Global equities were flat in May’22 having digested some of the geopolitical pressures and hawkish stance of the Fed after a sharp 8% decline in April. Indian equities however declined sharply by 6% (US$ terms), under-performing the broader regional markets in May’22 (MSCI APxJ / EM: -1.0%/+1.0%).
Worldwide, most major indices saw flat to positive performance
with US S&P500 down 0.2% while Nikkei (1.6%), Hang Seng
(1.5%) and FTSE UK (1.0%) all registering gains. However,
geopolitical conflict continued to weigh on Euro Stoxx (-1.6%).

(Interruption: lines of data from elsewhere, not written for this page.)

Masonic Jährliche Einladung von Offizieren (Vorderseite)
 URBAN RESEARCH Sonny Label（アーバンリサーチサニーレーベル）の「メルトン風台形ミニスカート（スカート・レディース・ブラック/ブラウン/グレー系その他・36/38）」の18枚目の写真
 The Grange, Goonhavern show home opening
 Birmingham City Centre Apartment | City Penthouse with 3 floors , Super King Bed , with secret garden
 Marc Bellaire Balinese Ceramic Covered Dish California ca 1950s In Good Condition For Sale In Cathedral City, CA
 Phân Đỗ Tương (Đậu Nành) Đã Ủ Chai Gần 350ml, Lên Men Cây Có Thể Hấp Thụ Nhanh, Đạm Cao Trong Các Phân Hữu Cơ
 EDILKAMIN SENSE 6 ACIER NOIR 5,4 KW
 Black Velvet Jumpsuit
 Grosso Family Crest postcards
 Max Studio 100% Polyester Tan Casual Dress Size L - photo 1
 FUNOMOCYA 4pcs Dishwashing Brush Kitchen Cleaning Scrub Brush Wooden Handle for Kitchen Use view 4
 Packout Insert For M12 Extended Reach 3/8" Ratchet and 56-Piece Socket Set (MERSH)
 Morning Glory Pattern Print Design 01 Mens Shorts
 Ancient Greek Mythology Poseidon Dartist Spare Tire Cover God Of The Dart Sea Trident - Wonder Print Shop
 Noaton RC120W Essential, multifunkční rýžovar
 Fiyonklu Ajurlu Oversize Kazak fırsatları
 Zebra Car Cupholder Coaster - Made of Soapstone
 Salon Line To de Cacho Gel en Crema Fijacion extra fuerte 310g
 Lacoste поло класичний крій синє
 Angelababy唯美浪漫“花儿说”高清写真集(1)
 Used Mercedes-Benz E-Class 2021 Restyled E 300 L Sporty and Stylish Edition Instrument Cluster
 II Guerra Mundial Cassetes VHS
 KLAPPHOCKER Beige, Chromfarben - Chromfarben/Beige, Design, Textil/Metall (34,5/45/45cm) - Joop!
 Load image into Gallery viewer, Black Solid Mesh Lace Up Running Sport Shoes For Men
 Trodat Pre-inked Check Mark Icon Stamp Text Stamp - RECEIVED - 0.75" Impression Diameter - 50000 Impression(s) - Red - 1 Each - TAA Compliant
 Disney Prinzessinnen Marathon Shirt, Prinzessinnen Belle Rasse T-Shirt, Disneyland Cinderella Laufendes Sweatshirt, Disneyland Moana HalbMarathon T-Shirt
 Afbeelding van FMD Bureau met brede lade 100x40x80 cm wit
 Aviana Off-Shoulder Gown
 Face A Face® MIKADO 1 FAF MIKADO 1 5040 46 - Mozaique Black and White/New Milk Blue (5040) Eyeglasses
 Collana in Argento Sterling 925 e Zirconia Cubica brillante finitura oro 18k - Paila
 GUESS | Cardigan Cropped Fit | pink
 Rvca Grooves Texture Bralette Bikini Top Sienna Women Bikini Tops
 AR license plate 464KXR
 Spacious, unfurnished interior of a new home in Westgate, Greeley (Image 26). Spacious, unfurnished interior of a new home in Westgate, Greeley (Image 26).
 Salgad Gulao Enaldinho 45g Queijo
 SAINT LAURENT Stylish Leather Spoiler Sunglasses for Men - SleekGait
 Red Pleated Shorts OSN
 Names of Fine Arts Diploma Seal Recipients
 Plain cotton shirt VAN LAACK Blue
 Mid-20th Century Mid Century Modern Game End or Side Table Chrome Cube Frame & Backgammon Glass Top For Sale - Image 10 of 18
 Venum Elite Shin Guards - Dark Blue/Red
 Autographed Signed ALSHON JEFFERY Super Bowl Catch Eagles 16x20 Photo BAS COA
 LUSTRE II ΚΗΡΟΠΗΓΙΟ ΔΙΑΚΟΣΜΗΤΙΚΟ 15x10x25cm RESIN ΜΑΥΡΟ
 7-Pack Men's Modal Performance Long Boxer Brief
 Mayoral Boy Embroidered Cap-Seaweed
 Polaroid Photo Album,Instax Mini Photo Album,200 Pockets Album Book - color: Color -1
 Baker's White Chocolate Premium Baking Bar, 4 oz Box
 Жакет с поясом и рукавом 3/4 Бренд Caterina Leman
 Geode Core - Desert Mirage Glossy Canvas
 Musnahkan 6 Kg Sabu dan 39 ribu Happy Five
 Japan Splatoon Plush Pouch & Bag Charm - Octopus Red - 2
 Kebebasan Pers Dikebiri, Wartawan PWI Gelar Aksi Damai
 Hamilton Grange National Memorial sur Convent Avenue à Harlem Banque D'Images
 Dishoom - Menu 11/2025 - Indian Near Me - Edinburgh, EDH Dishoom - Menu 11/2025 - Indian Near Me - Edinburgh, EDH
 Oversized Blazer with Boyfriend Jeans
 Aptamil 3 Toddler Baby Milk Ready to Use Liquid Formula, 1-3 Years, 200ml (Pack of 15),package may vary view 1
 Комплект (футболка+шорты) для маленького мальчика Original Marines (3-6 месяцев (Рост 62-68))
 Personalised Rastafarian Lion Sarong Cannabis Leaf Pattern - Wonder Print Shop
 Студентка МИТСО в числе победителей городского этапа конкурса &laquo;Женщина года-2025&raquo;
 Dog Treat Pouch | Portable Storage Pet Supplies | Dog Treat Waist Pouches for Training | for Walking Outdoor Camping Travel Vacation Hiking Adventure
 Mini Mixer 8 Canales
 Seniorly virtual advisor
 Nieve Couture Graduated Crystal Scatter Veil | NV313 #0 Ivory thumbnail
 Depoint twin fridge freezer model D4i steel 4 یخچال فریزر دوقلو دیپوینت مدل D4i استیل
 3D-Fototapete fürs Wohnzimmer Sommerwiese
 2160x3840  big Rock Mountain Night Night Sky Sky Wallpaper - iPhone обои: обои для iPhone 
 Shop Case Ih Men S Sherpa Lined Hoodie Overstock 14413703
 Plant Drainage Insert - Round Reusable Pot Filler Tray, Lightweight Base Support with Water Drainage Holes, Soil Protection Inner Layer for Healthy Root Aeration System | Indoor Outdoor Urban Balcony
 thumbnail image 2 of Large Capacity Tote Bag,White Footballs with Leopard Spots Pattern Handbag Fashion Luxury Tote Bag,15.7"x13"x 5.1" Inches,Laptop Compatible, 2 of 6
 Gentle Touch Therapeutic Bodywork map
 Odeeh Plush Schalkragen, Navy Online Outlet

In sectoral trends, Metal was the major loser (-16%) driven by the imposition of government duties on steel exports. Power (-11%), Healthcare (-8%), Real Estate (-7%), Information Technology (-6%) and Oil & Gas (-5%) were other significant losers. Banking declined by 1.5% while FMCG was flat.
Auto (5%) was the only meaningful gainer as a decline in the steel and other commodity prices is expected to help auto earnings.
FIIs remained net sellers of Indian equities in May’22 (-$4.7 bn, following -$3.8 bn in March). This marked the 8th consecutive month of net equity outflows for FIIs, with YTD outflows of $22.1 bn. DIIs recorded inflows of $6.6 bn in May, maintaining the buying trend observed since March 2021.
Mutual funds and Insurance funds were both net buyers in May with $3.2 bn inflows and $3.4 bn inflows respectively.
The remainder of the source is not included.